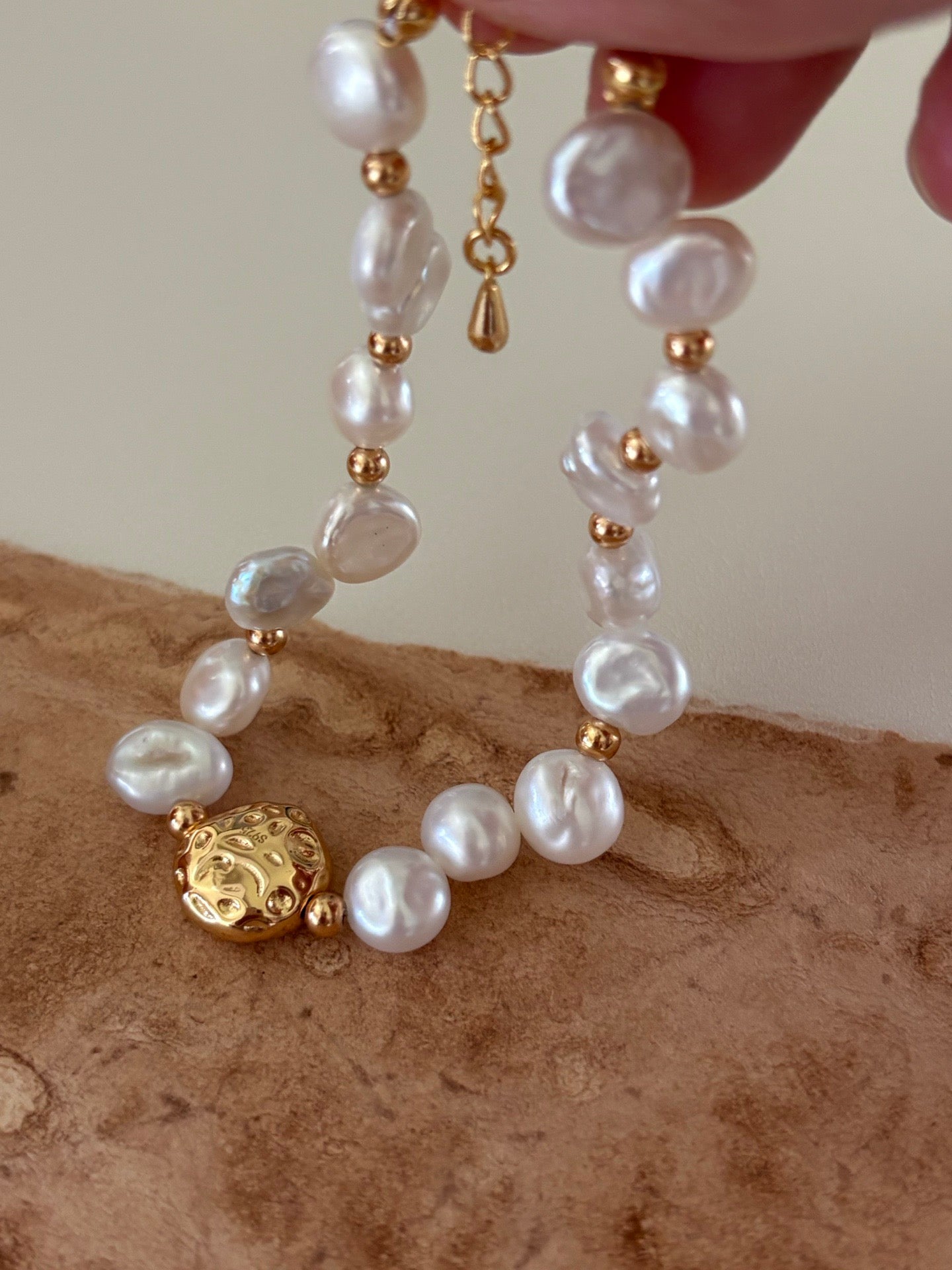 Celestial Coin Baroque Pearl Necklace & Bracelet – 18K Gold Plated S925 Sterling Silver Vintage Styl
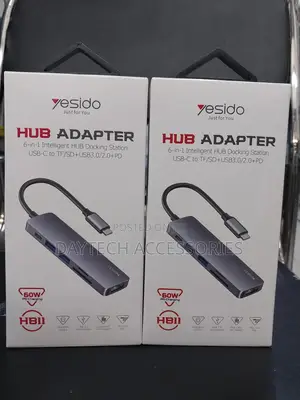 Yesido Hb11 6‐In‐1 Usb‐C Hub Adapter – Hdmi, Pd Charging.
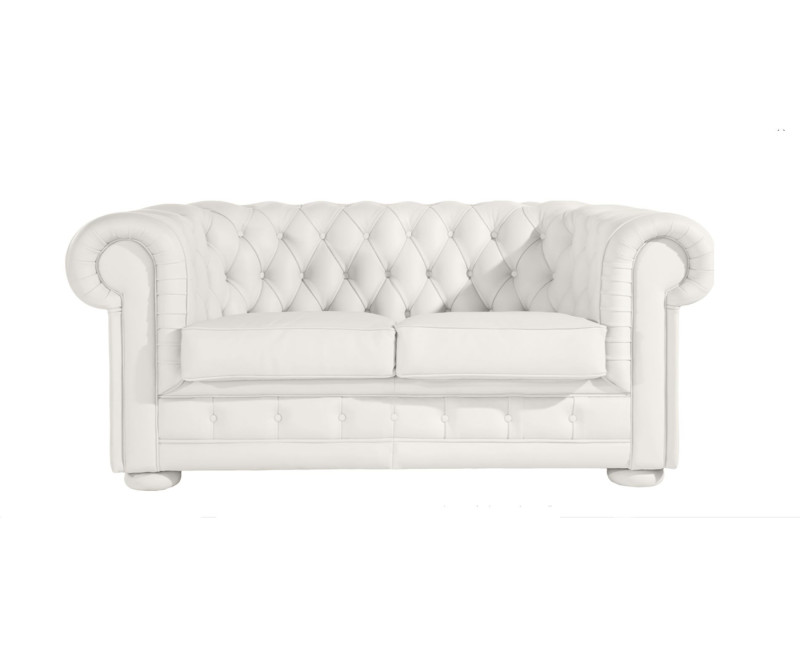 Sofá Chesterfield 3 Plazas Chester Piel Blanca Natural – Classic
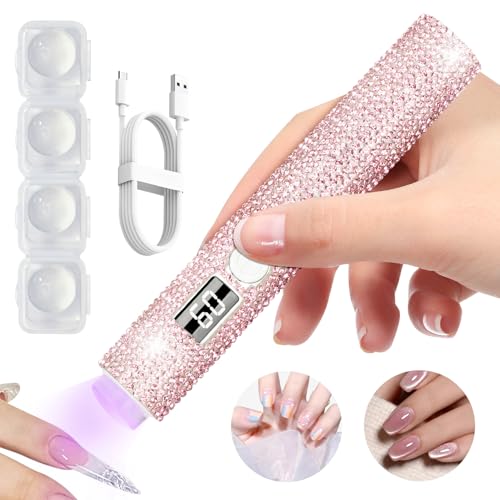 Peccera Pink Diamond Portable UV Nail Lamp - Rechargeable Cordless Mini Gel Polish Dryer for DIY Manicure
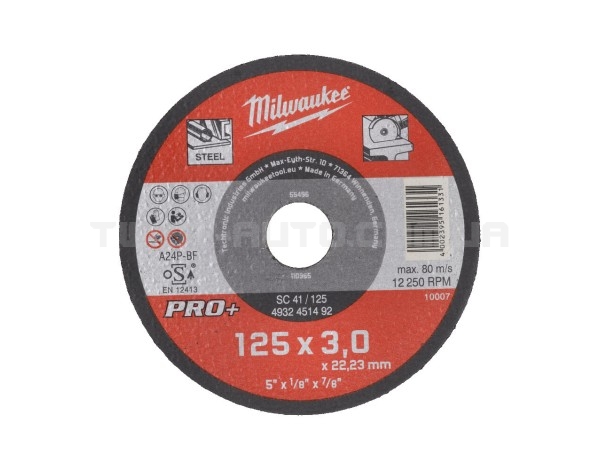 Диск відрізний по металу MILWAUKEE, SC 41/125х3 PRO+, 125мм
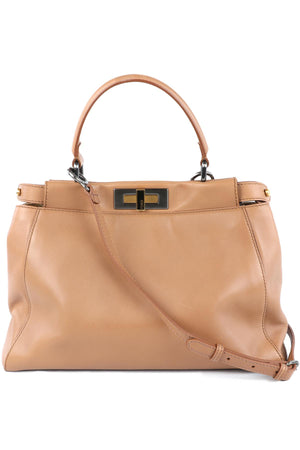 FENDI BROWN PEEKABOO MEDIUM LEATHER AND PYTHON TOTE BAG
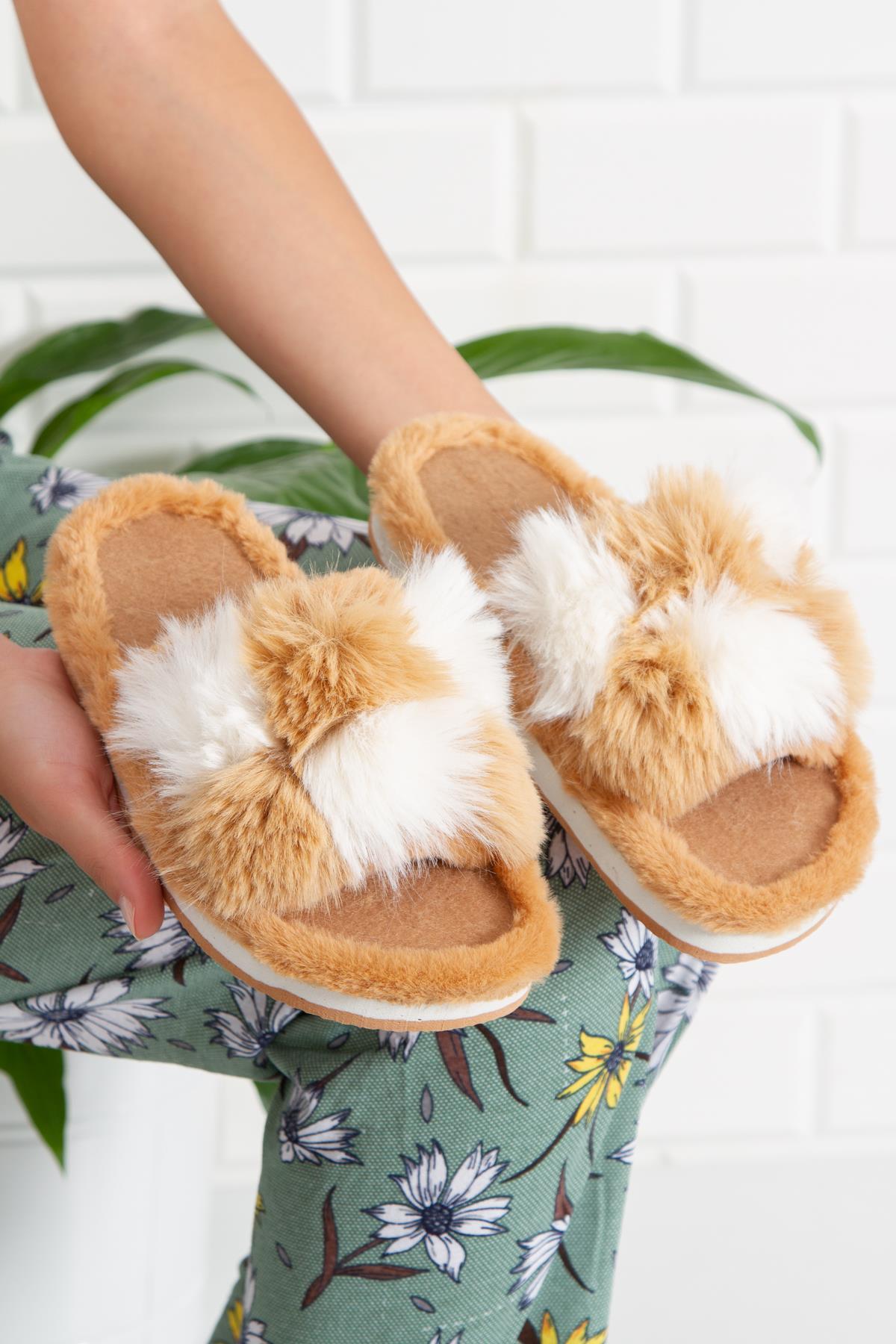 Modafrato Mazzy Yünlü Unisex Ev Terliği Kışlık Terlik Bej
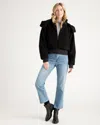 Quince Women's Hooded Sherpa Jacket In Black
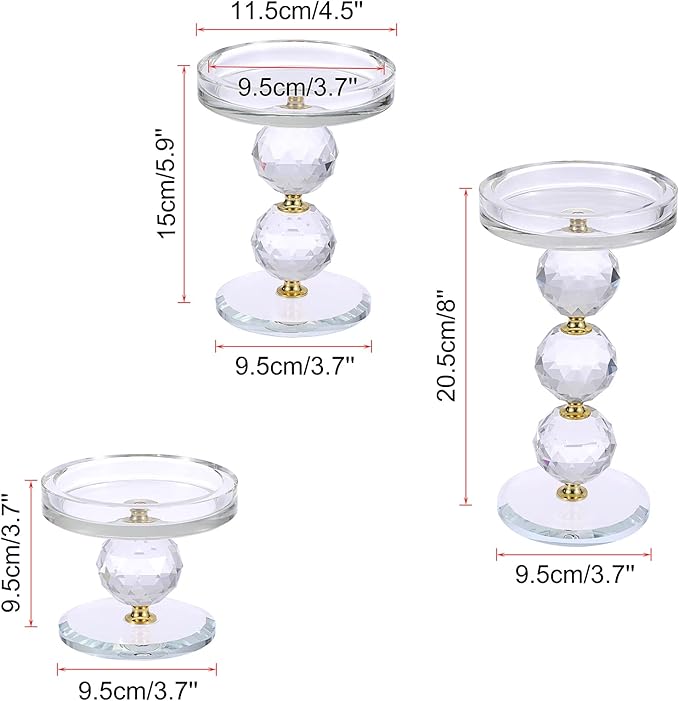 OwnMy Set of 3 Gold Crystal Glass Pillar Candlestick Holders Votive Candle Holder Set, Clear Glass Tea Light Candle Stick Holders Pillar Candle Stand Modern Candle Centerpiece for Living Room Wedding
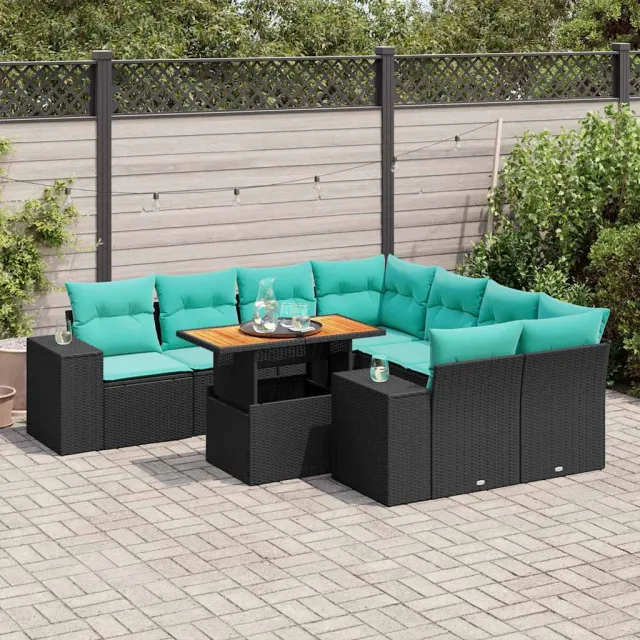 vidaXL 9-delige Loungeset met kussens poly rattan zwart, foto 2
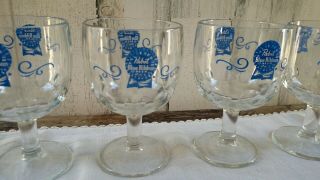 SET FOUR Vintage Pabst Blue Ribbon Beer Stemmed Thumbprint Goblet Glasses 3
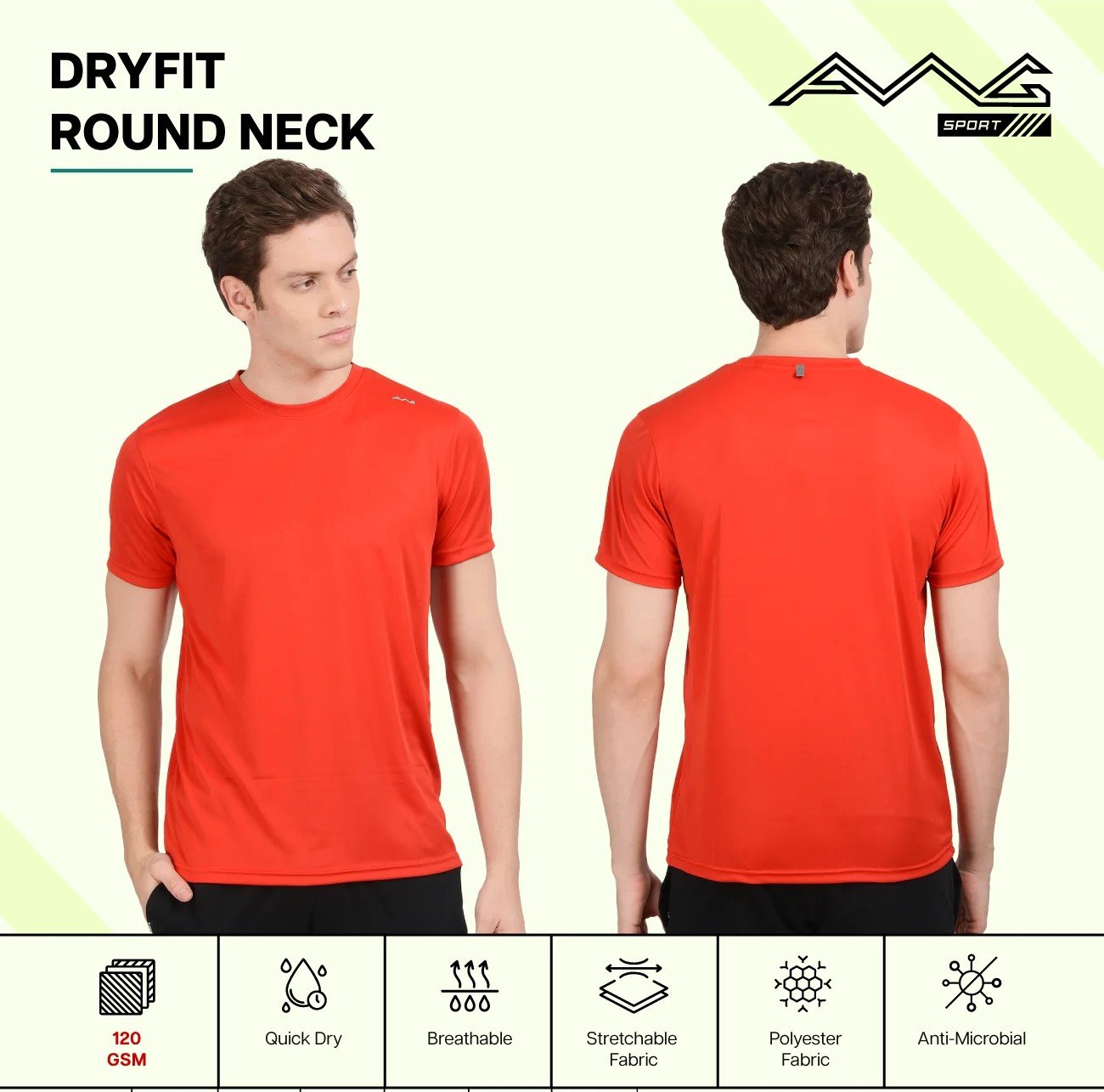 Men's DRY FIT ROUND NECK plain T Shirts for Top Wear online India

▸ **TASK**
Your task is to write out, exactly and without pictures, only the lines from the one holding "Peccera Pink Diamond" to the last line of the data.

▸ **WRITTEN SOLUTION**
 Peccera Pink Diamond Portable UV Nail Lamp - Rechargeable Cordless Mini Gel Polish Dryer for DIY Manicure
 Диск відрізний по металу MILWAUKEE, SC 41/125х3 PRO+, 125мм
 FENDI BROWN PEEKABOO MEDIUM LEATHER AND PYTHON TOTE BAG
 Modafrato Mazzy Yünlü Unisex Ev Terliği Kışlık Terlik Bej
 Quince Women's Hooded Sherpa Jacket In Black
 OwnMy Set of 3 Gold Crystal Glass Pillar Candlestick Holders Votive Candle Holder Set, Clear Glass Tea Light Candle Stick Holders Pillar Candle Stand Modern Candle Centerpiece for Living Room Wedding
 vidaXL 9-delige Loungeset met kussens poly rattan zwart, foto 2
 SET FOUR Vintage Pabst Blue Ribbon Beer Stemmed Thumbprint Goblet Glasses 3
 Men's DRY FIT ROUND NECK plain T Shirts for Top Wear online India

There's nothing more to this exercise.